Mexico wins twice without infamous chant

Mexico fans avoid gay slur in first game since FIFA sanctions

NASHVILLE – A slow stroll through the Nissan Stadium parking lot felt like a walk through a small town in Mexico at Christmas time. The leisurely jaunt Wednesday night before the Mexican national team’s game against Panama was reminiscent of walking through Arandas, Jalisco, during the holidays.

You saw license plates from various U.S. states. And since they were home, they were going to live it up. 

That’s how it felt at Nissan Stadium before Mexico dominated Panama. Cheerful Mexico fans tailgated in front of cars and trucks with license plates from all over the South and Midwest.

You could see South Carolina, Mississippi,  Alabama, Georgia, neighboring Kentucky and Tennessee too, obviously. Idaho, Illinois, Indiana, Missouri, Nebraska, New Jersey, North Carolina, and Virginia were represented. Even Rhode Island and Utah plates were spotted. I even spied the Mexican state of Guanajuato. 

The crowd of 30,386 created a beautiful display of the Mexican diaspora getting together, just like Christmas time in the old pueblo.

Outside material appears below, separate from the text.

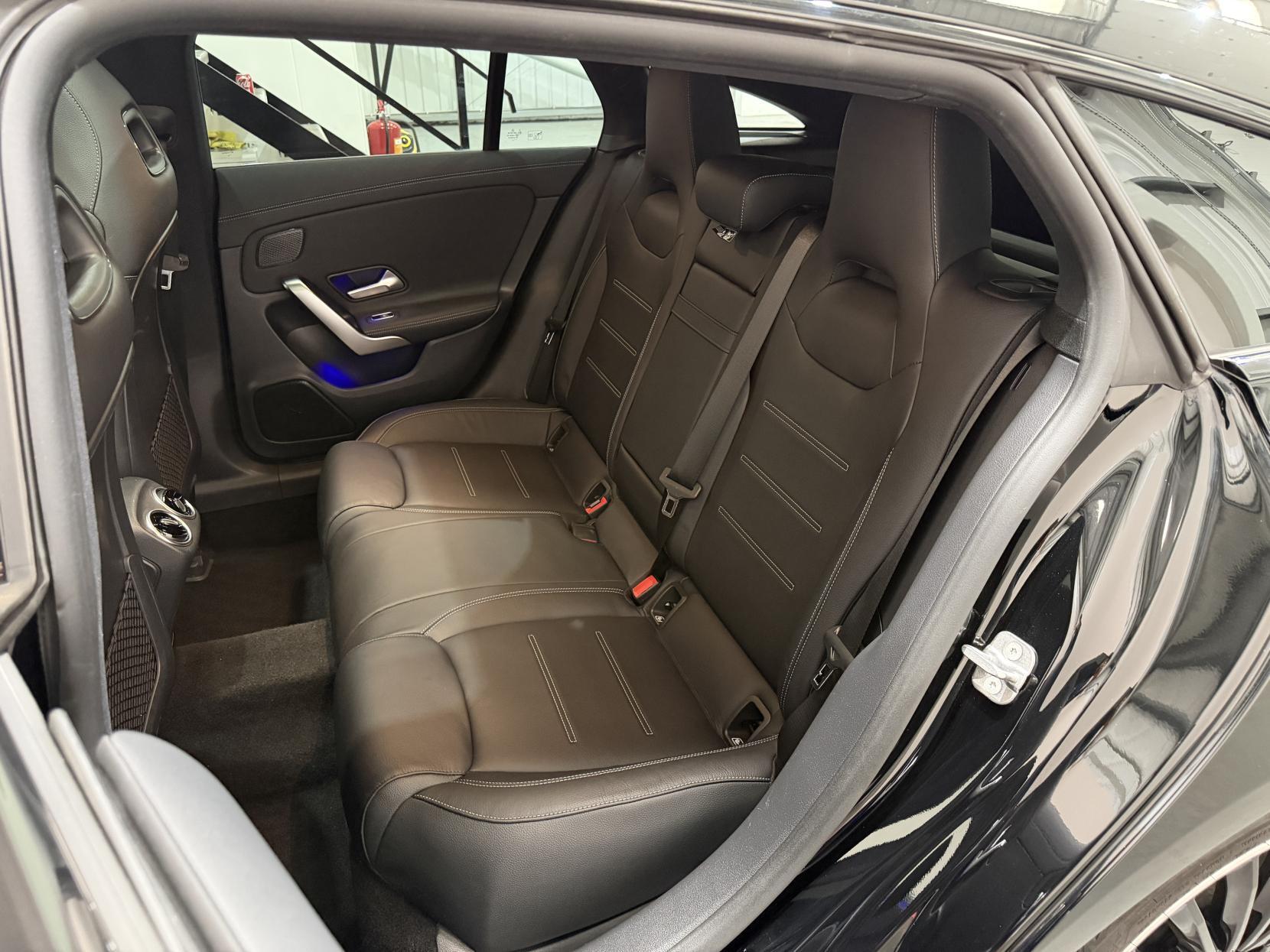 Mercedes-Benz Cla view 59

El Tri delivered an impressive 3-0 victory over Panama on an oppressively humid day.

Diego Lainez shines for Mexico

Starlet Diego Lainez entertained the crowd with his creativity and fancy footwork, opening the scoring. He was easily the man of the match.

The biggest story of the game, though, ended up being the crowd behavior. The pro-Mexico fans followed the guidance of the multiple visual, audio and video requests by not chanting “puto.”

Of the five MexTour games this was the most interesting leading up to the contest. Sure, Mexico plays Panama in two upcoming World Cup qualifiers, including one in September. 

This night was more than strictly a soccer story. The FIFA sanctions loomed. Nobody knew what would happen in the first game after Mexico was sanctioned by FIFA for their fans’ behavior.

Major credit goes to the Mexican Soccer Federation, star goalkeeper Memo Ochoa an fan group Pancho Villa’s Army for making their best pre-game efforts to squash any potential bad behavior. 

Mexico
Mexico fans prepare for El Tri’s 3-0 victory over Panama on June 30 at Nashville’s Nissan Stadium. Photo by Juan Lozano.


FIFA recently hammered El Tri by forcing Mexico to play its next two home World Cup qualifiers without fans in the stands. Those penalties were handed down because the crowd at the recently Olympic qualifiers in Guadalajara kept chanting their infamous homophobic chant.

El Tri fans get FIFA message

It’s almost as if the FIFA sanction needed to happen to shake a fanbase and to get them to take FIFA’s actions seriously.

There is one game left on the MexTour, Saturday in Los Angeles against the Super Eagles of Nigeria. Then El Tri will play the Gold Cup in Mexico and the Olympic Games in Tokyo. 

Anything can happen. Progress can sometimes be slow, but hopefully this is the last time we have to worry about the behavior of the fans impacting games. 

We collectively have to be beyond the chant now. It does not matter what we think of the chant. 

The free speech analysis is inapplicable and inappropriate on this issue. What’s important is that FIFA has issued a ruling, and FMF avails itself to FIFA’s rules.

Mexico stars urge fans to drop their infamous chant.

It has to stop. The chant was not heard Wednesday, so Mexico won twice at Nissan Stadium – on and off the field.

But this isn’t something El Tri fans should just do because FIFA demands it. This move is important because it is the right thing to do. We have to acknowledge the value of an evolving standard of collective behavior. Let’s hope that the message at the end of FMF’s video appeals to the fans.

“Let’s Chant for the Mexico of Today” should be complied with tomorrow and forever.